Chandos 20032 (1 CD). 1h02. Notice en français. Distr. Harmonia Mundi.
Première œuvre d’envergure de Manuel de Falla, et l’un des seuls « opéras » qu’il ait menés à bien (Les Tréteaux de Maître Pierre et L’Atlantide pouvant difficilement prétendre à ce titre), La vida breve, créée en français en 1913, reste un ouvrage difficile à servir : doit-on mettre l’accent sur l’atmosphère vériste de cette chronique gitane (où une jeune femme meurt d’amour pour un macho qui l’abandonne), sur le décorum andalou ou sur le substrat d’influences françaises (Debussy, Gustave Charpentier) et allemande (Wagner) ? Après un long travail mené sur les sources manuscrites, Mena en livre une vision nuancée – mais peut-être trop travaillée, justement, pour sembler personnelle. Si l’ambiance créée par l’orchestre au début de l’œuvre s’avère prenante (grâce, entre autres, à l’usage de magnifiques percussions), l’abus de nuances dissout parfois le mystère, notamment dans le célèbre Intermezzo.
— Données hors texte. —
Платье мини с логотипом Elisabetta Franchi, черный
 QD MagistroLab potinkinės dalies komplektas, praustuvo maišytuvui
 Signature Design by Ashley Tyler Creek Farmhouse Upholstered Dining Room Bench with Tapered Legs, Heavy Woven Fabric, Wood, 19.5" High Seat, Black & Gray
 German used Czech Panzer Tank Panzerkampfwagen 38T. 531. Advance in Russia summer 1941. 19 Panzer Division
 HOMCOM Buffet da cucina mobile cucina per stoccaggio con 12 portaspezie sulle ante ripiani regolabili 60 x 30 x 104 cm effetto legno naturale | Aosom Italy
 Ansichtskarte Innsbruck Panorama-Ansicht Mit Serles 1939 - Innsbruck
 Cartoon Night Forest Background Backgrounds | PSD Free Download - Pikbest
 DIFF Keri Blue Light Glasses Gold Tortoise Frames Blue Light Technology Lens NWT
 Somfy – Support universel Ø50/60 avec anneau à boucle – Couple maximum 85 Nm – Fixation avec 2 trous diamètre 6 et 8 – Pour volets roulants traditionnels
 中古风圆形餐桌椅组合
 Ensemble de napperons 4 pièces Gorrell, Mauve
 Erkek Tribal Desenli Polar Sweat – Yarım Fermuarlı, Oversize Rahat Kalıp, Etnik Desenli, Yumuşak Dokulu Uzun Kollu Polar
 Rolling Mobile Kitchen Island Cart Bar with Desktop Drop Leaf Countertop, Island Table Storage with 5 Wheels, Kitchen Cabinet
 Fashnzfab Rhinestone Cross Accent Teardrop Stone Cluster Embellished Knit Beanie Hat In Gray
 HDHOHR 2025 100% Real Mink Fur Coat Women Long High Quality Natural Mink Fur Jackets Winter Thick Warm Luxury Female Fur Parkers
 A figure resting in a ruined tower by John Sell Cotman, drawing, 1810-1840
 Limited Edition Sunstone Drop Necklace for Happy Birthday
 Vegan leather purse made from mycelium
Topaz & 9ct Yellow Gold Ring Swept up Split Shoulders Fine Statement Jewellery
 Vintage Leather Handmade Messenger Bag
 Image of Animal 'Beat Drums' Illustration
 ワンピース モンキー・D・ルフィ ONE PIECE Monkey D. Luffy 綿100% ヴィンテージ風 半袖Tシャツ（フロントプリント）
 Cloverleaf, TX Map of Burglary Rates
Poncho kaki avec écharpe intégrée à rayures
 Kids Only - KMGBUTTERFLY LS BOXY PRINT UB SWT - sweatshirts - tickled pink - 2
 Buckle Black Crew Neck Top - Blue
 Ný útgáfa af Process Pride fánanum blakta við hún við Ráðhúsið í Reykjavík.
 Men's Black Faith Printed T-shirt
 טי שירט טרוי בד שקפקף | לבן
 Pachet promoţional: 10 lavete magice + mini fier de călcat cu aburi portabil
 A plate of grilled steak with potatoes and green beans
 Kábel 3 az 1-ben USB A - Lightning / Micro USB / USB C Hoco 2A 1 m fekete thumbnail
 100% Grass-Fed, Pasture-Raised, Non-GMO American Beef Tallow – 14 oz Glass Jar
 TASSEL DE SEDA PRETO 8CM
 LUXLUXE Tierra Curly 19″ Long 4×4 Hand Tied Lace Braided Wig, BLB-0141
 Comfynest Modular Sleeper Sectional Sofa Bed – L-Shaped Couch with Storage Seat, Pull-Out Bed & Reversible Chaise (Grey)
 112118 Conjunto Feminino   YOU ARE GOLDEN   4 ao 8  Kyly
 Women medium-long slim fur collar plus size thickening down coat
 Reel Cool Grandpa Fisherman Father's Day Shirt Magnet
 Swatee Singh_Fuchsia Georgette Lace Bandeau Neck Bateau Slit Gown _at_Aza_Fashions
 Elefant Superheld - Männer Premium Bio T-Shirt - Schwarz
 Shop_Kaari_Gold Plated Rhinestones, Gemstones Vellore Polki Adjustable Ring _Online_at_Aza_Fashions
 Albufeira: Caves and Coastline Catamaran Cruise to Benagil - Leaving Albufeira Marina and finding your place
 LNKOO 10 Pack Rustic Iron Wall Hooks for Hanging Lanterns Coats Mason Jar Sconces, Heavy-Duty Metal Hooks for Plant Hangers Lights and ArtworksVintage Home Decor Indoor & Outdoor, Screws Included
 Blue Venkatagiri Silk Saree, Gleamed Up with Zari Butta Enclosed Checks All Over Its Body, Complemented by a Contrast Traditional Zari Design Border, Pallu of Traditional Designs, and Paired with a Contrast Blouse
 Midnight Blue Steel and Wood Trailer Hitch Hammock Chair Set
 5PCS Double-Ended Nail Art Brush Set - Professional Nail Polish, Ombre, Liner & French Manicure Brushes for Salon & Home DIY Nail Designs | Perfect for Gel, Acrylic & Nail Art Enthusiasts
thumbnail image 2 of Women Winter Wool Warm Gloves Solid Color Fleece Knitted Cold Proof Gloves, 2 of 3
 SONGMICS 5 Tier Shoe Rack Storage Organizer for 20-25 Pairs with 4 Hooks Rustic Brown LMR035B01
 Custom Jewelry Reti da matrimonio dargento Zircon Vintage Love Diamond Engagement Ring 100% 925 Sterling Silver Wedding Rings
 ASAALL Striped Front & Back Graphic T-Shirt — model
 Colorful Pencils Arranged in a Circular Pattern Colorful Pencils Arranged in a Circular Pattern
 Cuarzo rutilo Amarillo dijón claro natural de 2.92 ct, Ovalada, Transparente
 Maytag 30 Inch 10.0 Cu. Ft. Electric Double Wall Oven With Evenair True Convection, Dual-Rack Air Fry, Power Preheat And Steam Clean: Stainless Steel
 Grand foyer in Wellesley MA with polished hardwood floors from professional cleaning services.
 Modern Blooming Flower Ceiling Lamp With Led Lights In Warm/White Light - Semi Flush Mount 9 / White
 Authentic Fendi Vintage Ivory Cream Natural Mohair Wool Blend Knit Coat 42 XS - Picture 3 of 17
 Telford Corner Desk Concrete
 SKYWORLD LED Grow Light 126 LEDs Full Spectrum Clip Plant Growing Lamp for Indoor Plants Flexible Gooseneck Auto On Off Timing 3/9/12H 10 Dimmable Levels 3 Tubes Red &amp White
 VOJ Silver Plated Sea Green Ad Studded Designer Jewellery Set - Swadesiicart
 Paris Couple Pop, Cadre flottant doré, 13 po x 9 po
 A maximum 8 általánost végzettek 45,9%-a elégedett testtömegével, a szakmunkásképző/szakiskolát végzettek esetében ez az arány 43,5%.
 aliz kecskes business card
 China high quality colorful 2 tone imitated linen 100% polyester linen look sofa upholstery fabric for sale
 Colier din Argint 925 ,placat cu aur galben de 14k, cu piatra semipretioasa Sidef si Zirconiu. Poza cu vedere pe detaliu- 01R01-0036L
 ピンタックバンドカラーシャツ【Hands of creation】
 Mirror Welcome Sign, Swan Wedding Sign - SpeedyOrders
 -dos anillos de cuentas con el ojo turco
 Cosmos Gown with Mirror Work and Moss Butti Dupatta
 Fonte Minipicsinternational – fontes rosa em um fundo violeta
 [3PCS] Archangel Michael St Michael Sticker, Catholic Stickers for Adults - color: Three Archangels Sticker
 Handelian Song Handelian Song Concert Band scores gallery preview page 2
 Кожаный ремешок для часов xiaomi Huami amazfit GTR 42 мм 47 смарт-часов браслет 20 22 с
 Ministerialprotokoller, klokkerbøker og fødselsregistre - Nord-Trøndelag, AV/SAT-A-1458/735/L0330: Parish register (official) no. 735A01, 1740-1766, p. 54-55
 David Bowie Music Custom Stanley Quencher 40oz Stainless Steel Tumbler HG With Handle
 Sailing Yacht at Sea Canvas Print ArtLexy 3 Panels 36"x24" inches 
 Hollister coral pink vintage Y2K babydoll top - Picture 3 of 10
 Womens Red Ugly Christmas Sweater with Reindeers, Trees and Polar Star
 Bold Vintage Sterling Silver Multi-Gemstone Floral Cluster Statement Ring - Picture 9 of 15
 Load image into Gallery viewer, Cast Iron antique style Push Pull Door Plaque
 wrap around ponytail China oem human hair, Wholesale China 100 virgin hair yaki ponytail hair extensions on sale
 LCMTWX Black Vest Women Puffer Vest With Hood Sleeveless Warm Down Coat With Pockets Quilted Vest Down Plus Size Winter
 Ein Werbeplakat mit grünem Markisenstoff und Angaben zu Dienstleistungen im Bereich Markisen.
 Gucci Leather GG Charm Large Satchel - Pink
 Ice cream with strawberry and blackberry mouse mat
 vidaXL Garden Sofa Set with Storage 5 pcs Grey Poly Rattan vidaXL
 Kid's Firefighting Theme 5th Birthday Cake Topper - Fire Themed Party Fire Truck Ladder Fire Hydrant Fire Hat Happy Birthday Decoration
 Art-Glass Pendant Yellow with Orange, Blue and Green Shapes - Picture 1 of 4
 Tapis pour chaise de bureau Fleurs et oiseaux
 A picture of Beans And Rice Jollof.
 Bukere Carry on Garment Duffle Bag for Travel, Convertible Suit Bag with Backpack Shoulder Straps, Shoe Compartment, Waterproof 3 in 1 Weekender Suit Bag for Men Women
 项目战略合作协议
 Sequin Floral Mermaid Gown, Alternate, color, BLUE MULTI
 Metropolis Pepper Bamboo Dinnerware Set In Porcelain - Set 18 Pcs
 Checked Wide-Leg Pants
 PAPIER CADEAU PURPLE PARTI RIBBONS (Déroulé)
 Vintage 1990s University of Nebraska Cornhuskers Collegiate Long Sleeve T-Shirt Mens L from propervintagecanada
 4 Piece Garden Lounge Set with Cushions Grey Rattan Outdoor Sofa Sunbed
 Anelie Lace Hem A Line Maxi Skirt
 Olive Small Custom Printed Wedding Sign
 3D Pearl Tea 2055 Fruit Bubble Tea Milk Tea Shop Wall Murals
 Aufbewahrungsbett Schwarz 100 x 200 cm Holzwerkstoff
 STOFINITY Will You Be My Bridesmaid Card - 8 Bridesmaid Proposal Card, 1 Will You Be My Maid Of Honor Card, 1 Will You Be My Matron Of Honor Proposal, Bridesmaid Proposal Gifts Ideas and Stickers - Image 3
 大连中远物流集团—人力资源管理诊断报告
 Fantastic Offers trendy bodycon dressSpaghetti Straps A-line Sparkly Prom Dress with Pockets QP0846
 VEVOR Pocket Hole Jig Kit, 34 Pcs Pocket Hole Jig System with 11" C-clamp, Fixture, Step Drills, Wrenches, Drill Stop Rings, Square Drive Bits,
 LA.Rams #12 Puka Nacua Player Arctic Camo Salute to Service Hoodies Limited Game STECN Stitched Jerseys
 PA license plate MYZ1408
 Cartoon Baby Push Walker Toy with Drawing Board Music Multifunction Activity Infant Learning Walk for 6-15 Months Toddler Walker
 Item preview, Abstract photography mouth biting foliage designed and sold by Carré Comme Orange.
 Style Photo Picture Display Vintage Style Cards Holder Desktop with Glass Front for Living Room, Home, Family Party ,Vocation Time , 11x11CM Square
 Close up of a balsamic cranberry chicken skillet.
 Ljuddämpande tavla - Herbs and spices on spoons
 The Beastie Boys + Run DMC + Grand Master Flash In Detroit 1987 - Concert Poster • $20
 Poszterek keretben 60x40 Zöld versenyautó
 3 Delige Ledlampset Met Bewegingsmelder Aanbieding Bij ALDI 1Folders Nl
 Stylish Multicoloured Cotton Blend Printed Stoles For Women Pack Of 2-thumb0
Mena réussit surtout le premier tableau de l’acte II (naturel des enchaînements, ferveur communicative de la danse), prête une attention particulière aux « petits rôles » - ténor-forgeron lyrique, cantaor typé et virtuose, oncle Salvador idéalement protecteur, tendre Manuel - et obtient de très bons résultats du chaleureux chœur de la Télévision espagnole.
Hélas, les choses se gâtent avec les figures principales. Que la voix de la Grand-Mère sonne mince et serrée, c’est un peu dans l’ordre des choses – mais doit-il en aller de même de Salud ? Car chez la mezzo Nancy Fabiola Herrera, l’effort est notable dès les premières notes, l’émission apparaît trop constamment tendue, avec un haut médium qui tend à partir « en arrière ». Certes, on entend ici la femme « qui a vécu » - dimension qui manque parfois aux interprétations de la grande Victoria de Los Angeles, et qui convient à son second monologue (II, 2) comme à sa mort. Mais, dans le célèbre « Vivan los que rien ! », on attend davantage de fraîcheur, de lumière. Même problème, ou presque, avec l’interprète de Paco, ténor corsé mais plafonnant vite dans l’aigu. Une version un peu hétérogène, donc, qui ne détrônera pas celles de Frühbeck de Burgos (avec Los Angeles, EMI, 1966) et de Navarro (avec Berganza, 1978), ni même celle, plus « folklorique », de Josep Pons (HM, 1998).